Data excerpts
--- --- ---
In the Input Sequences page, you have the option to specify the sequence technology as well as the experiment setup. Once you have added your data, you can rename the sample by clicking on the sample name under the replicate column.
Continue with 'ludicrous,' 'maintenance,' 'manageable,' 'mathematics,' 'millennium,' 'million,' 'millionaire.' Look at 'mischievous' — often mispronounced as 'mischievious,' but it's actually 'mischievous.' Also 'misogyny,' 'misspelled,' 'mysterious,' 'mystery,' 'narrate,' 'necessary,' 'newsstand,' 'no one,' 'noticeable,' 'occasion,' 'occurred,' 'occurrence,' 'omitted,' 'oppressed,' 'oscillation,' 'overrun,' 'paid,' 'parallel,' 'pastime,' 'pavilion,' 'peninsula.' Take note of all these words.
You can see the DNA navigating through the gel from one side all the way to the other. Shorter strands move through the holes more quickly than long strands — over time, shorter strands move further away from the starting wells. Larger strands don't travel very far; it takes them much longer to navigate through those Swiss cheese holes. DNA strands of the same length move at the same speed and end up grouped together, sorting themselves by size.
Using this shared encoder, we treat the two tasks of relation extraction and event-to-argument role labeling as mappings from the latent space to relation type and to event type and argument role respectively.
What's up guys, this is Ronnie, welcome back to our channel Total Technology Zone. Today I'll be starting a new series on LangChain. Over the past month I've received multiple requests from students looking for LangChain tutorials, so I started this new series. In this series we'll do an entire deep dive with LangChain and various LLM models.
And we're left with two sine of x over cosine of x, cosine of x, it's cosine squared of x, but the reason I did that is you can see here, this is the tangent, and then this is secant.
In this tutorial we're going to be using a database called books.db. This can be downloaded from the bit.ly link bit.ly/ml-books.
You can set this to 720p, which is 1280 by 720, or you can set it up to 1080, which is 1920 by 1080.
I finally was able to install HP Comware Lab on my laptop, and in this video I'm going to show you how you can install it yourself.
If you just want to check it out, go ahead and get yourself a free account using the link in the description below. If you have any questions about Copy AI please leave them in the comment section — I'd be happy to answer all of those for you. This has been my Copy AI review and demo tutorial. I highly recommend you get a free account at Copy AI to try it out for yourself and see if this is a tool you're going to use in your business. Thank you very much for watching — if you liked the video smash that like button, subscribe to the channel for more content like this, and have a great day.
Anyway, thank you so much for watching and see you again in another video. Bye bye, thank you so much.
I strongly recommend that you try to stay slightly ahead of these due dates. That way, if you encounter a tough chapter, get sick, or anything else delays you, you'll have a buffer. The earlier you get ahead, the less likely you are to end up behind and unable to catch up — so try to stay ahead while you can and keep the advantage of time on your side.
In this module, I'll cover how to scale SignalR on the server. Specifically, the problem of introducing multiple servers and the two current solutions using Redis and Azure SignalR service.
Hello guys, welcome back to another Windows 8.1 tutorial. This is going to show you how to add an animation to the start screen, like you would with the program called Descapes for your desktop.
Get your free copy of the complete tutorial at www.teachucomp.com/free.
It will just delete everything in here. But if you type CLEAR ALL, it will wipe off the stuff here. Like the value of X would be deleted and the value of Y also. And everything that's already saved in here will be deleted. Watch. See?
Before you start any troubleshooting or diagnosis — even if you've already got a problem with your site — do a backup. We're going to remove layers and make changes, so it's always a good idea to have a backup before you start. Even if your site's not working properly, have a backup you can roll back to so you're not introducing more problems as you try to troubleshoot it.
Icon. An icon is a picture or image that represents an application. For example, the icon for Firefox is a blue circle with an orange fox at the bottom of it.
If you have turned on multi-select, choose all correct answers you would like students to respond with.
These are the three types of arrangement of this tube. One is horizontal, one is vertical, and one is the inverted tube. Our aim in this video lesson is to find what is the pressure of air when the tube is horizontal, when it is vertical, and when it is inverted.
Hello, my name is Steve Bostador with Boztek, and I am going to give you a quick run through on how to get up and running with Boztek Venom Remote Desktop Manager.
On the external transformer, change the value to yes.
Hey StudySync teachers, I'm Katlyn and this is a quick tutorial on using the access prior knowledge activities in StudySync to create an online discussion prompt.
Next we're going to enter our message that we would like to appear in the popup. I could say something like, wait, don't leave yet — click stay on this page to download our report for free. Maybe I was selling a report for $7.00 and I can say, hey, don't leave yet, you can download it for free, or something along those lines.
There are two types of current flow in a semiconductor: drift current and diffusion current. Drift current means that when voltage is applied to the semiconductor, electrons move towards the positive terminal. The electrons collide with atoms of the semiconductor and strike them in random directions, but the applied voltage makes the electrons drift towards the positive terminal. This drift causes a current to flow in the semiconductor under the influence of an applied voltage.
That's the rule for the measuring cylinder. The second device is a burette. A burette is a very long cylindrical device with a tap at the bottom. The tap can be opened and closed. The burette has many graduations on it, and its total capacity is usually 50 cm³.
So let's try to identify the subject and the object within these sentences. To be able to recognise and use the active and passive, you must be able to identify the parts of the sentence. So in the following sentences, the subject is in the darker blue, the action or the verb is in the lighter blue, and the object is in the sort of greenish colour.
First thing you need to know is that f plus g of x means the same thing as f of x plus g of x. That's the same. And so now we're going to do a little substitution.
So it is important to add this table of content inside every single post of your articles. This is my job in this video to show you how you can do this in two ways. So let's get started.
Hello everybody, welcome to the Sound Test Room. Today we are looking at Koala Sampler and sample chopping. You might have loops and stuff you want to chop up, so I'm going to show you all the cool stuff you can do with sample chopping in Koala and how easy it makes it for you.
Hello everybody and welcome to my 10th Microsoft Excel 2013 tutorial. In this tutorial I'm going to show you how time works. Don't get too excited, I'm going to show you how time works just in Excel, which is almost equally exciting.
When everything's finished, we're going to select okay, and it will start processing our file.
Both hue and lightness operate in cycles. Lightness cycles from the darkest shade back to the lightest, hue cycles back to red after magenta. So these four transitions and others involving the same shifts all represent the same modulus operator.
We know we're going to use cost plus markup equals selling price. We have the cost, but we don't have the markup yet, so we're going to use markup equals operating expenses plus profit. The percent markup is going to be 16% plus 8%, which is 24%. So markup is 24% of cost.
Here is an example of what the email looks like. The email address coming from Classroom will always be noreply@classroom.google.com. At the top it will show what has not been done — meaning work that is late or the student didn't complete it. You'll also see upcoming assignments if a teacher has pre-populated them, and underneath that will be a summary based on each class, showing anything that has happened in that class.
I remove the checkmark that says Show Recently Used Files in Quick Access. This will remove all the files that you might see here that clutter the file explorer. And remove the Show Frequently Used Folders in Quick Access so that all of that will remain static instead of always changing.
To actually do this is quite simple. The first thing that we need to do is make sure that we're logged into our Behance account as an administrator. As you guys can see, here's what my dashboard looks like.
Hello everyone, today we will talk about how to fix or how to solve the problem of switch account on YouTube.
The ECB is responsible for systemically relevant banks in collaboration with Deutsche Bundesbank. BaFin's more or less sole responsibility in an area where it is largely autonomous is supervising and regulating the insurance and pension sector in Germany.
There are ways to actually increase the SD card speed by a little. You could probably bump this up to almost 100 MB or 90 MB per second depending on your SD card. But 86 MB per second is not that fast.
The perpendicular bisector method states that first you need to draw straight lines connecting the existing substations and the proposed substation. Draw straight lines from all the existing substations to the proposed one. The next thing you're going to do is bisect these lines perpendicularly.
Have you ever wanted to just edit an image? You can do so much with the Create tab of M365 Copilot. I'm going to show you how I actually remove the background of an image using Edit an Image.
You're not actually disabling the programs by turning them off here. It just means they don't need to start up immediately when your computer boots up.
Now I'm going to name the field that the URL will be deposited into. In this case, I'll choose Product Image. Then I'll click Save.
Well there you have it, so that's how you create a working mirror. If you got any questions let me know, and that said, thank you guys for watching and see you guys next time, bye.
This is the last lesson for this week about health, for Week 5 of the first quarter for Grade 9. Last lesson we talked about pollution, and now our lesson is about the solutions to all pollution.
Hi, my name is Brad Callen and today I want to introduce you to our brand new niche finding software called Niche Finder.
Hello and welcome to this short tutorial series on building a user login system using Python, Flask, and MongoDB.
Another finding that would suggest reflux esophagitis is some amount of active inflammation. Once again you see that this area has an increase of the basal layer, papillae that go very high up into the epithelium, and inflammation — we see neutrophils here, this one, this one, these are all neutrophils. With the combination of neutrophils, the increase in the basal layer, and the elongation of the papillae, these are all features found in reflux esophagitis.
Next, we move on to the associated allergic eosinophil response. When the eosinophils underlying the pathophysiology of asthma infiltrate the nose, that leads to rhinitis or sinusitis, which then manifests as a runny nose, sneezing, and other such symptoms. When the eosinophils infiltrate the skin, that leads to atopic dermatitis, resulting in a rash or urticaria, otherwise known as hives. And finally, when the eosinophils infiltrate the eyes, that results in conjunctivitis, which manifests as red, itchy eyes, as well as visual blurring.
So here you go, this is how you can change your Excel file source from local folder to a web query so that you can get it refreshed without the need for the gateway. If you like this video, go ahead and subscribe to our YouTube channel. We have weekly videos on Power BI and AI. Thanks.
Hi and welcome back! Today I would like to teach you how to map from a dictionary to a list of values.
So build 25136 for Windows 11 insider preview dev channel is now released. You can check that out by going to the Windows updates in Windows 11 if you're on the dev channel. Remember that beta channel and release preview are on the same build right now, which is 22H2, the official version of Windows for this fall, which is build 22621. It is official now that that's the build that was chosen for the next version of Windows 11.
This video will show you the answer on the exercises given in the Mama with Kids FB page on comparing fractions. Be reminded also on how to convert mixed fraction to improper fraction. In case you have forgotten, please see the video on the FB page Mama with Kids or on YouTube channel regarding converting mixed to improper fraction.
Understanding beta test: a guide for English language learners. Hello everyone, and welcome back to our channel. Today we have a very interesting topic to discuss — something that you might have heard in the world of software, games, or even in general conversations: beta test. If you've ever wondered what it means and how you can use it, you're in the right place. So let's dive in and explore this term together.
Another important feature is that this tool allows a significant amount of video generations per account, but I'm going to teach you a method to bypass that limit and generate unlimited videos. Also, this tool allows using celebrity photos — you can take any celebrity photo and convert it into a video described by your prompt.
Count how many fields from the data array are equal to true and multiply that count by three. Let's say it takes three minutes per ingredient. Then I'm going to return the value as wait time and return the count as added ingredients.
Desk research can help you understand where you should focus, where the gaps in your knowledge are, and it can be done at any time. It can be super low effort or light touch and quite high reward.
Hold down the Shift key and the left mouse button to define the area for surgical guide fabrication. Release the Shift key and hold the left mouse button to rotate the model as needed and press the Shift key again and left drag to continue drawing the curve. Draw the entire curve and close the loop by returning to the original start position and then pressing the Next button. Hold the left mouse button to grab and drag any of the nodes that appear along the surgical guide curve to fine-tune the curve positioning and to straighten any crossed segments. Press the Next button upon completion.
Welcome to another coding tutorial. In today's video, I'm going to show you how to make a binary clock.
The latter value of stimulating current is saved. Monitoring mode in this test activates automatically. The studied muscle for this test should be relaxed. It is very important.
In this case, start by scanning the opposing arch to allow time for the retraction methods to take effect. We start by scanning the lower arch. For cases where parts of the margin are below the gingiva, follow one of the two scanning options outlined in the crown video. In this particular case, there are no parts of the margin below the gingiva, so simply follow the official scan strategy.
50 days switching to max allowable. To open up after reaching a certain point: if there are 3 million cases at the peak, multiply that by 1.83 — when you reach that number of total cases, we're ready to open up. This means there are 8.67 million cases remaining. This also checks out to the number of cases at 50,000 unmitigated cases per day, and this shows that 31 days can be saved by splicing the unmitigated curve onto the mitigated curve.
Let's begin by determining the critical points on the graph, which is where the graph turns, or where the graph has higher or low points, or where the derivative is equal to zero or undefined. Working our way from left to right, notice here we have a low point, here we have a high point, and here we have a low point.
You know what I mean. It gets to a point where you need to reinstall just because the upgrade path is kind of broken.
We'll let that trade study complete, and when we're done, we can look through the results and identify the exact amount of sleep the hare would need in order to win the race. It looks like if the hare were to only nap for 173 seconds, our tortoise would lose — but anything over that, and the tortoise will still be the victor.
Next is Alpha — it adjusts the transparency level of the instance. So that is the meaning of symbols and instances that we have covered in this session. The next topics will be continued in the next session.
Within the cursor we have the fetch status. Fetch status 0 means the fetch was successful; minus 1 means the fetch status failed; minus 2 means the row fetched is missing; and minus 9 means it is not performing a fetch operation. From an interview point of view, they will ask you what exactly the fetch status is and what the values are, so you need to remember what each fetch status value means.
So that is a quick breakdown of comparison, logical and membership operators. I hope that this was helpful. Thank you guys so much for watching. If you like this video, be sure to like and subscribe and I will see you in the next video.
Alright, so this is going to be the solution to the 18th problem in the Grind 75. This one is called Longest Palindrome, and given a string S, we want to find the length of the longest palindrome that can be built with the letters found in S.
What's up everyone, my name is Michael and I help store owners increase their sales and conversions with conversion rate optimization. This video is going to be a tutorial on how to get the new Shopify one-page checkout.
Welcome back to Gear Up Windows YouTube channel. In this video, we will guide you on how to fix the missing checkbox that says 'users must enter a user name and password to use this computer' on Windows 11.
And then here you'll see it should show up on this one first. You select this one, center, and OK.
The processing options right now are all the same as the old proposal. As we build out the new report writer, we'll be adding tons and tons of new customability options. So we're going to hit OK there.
--- --- ---
- Action item -
Looking at the data above, return every line from the one with "Icon. An icon" down to the one with "These are the", exactly and inclusively.

- Your solution -
Icon. An icon is a picture or image that represents an application. For example, the icon for Firefox is a blue circle with an orange fox at the bottom of it.
If you have turned on multi-select, choose all correct answers you would like students to respond with.
These are the three types of arrangement of this tube. One is horizontal, one is vertical, and one is the inverted tube. Our aim in this video lesson is to find what is the pressure of air when the tube is horizontal, when it is vertical, and when it is inverted.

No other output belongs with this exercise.